I altered the bottom to include a ribbed edge, and added slightly mitered buttonbands, because the original Rocketry sweater had a roundish bottom that didn't suit my desire for a tailored look - because, you know, babies like a tailored look. My mum found wee buttons that matched the yarn exactly, and I did the math to space five of them top to bottom.
My mum picked it up today, to drop off to the intended baby, who I know won't care about any of it, except it is soft, and doesn't have a button that insults his lack of a neck, and will keep him warm for some time to come.
I love that I don't know this baby, he's the son of a friend of my mum's, and I've never met him, and probably never will, but there he will be. Sitting warm and cozy in the Canadian winter, spitting up on the handwork of a knitter he's never known.
Oh Knitting. I love you.
It has been an odd few days here, as I wrestle with a to-do list that isn't horrific, but seems to be intractable. Despite hours of diligent work, it's just one of those lists that won't shift. At the end of the day all I am crossing off is things like "make dinner" and "tidy desk" and "drink coffee" (and I only put that on there so I would have something to cross off.) I can't shift the big ones, like "get ready for Madrona". I know that what's wrong is that my list is too holistic - I've got big stuff on there like it's one item when really it's a whole bunch of little jobs that all have to be completed before the thing is done. In reality, I'm totally kicking arse and taking names, I just don't get to cross anything of of the fraking list until I've done all the little jobs, and that's lame. I love crossing things off the list.

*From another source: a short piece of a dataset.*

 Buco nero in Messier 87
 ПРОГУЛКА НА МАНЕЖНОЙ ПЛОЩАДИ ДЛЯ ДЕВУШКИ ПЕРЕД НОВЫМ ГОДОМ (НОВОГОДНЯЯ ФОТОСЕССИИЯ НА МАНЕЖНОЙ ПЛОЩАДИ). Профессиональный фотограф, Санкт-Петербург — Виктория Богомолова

When Meg was little, she used to freak out when she saw a big job in front of her. It turns out that she's a really holistic thinker - she sees the entirety of the task ahead and gets overwhelmed. Her teacher that year (who was pretty much an angel, a brilliant, brilliant angel) said that she needed to learn to chunk tasks. You don't have to learn a hundred spelling words this month. You need to learn three today, and three tomorrow... it's not that big a job if you split into easy little chunks. Don't look ahead, don't see the big picture. It's too big. He was right, and the whole family has been practicing "chunking" ever since then - and I realized this morning that even though I've known this since then, and practiced it - I have overlooked doing it on my to-do list. "Get ready for Madrona" is a huge job, and really it's a whole bunch of jobs and sitting there on my to-do list like a leviathan, I'm not going to be able to cross it off until the 12th of February. If I split it up? I might be able to make some visible progress on the stinking list.
I'm going to try it with everything on the list. "Finish baby sweater" should really be:
Do math for button band.
(My mum chose the buttons. I like how when she brought them over she arranged them in a smile.)
Knit button band.
Sew on buttons.
See that? I get to cross off two! "Make Lou a sweater" should really be:
Ply a little bit and knit some swatches to see if it's right.

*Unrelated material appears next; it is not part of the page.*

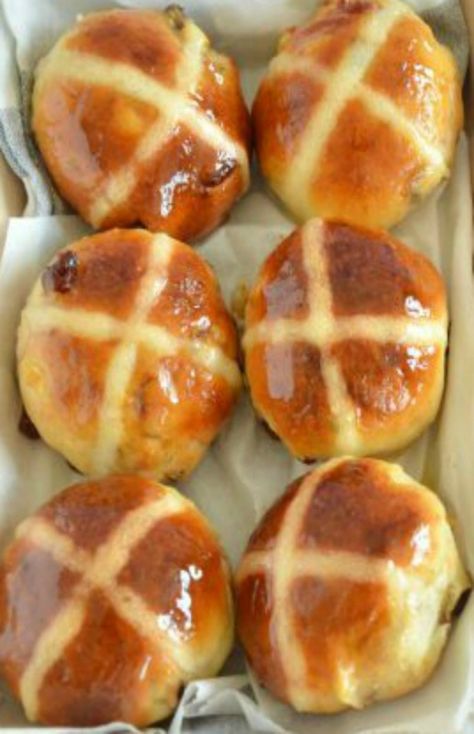 Hot Cross Buns – Paul Hollywood’s recipe Paul Hollywood Hot Cross Buns, Paul Hollywood Recipes, British Baking Show Recipes, British Bake Off Recipes, Cross Buns Recipe, Bake Off Recipes, British Cooking, Hot Cross Buns Recipe, British Desserts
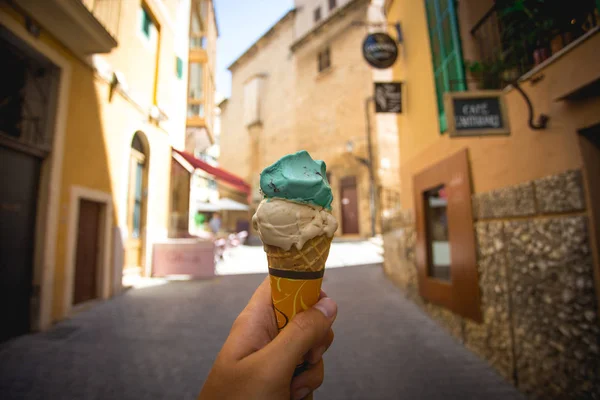 Ijsje Een Hand Straat Van Palma Mallorca Spanje — Stockfoto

(The top one is the winner, for anybody keeping track. Soft and bouncy and just spot on for gauge.)
Spin a full bobbin.
Spin another full bobbin.
Spin yet another full bobbin.
Set the twist.
Knit the sweater.
Sew on the buttons.
I wouldn't get to cross much off there, but at least I can see something resembling progress. Something that keeps me from transferring everything on today's list onto tomorrow's list like it's some horrible textile version of Groundhog Day. "Make Lou a sweater" indeed. I'm going to go re-write my whole list. It will be a lot longer, but at least I'll finally get to cross something off.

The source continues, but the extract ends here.